- _Task directions_:
Give the listing back in full, exactly as written, with the pictures removed.

-------

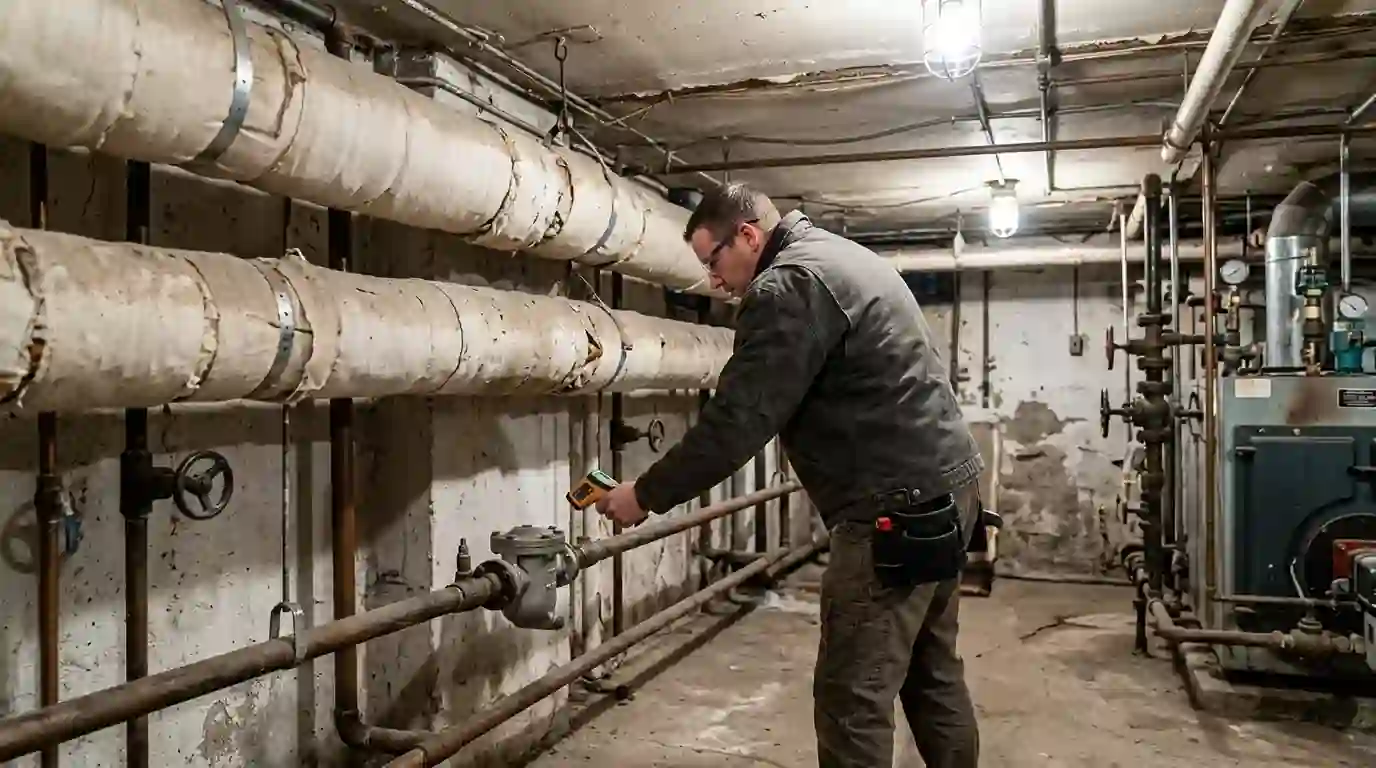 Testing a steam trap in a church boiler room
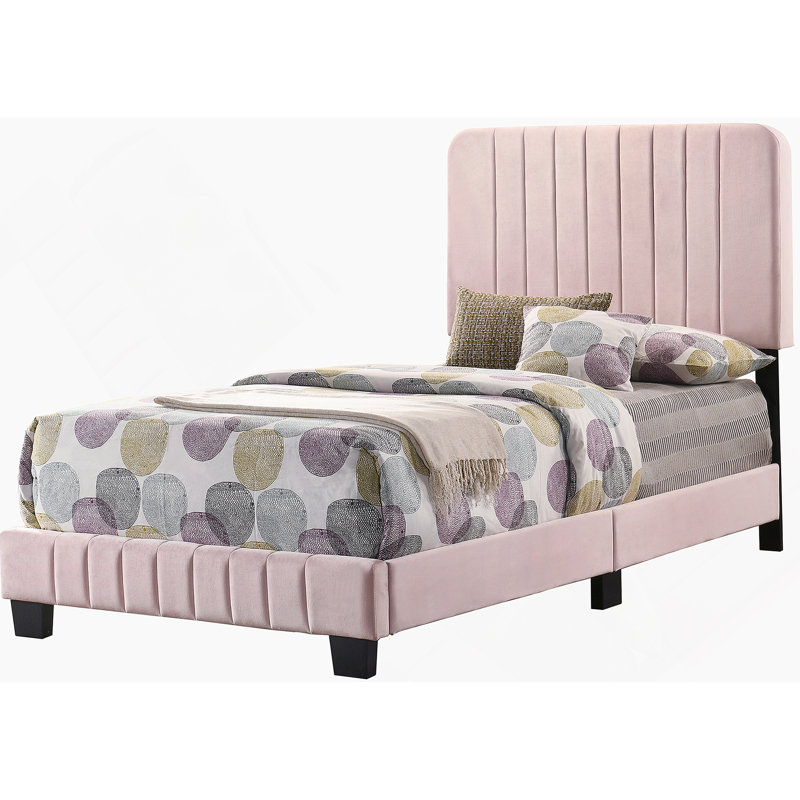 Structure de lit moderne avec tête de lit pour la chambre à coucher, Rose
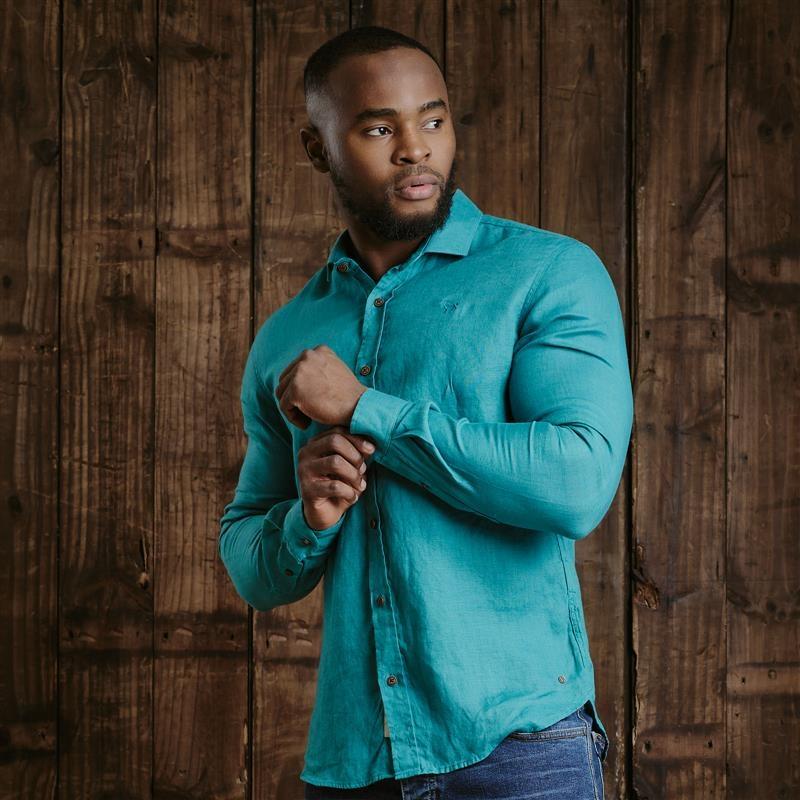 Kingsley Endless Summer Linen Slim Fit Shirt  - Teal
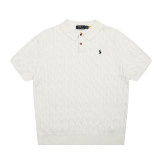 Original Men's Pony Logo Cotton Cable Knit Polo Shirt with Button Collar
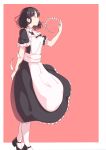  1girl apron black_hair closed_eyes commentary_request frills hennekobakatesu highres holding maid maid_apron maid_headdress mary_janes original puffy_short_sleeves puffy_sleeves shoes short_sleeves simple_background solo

-------

- _Completed task_:
 Testing a steam trap in a church boiler room
 Structure de lit moderne avec tête de lit pour la chambre à coucher, Rose
 Kingsley Endless Summer Linen Slim Fit Shirt  - Teal
 Original Men's Pony Logo Cotton Cable Knit Polo Shirt with Button Collar
  1girl apron black_hair closed_eyes commentary_request frills hennekobakatesu highres holding maid maid_apron maid_headdress mary_janes original puffy_short_sleeves puffy_sleeves shoes short_sleeves simple_background solo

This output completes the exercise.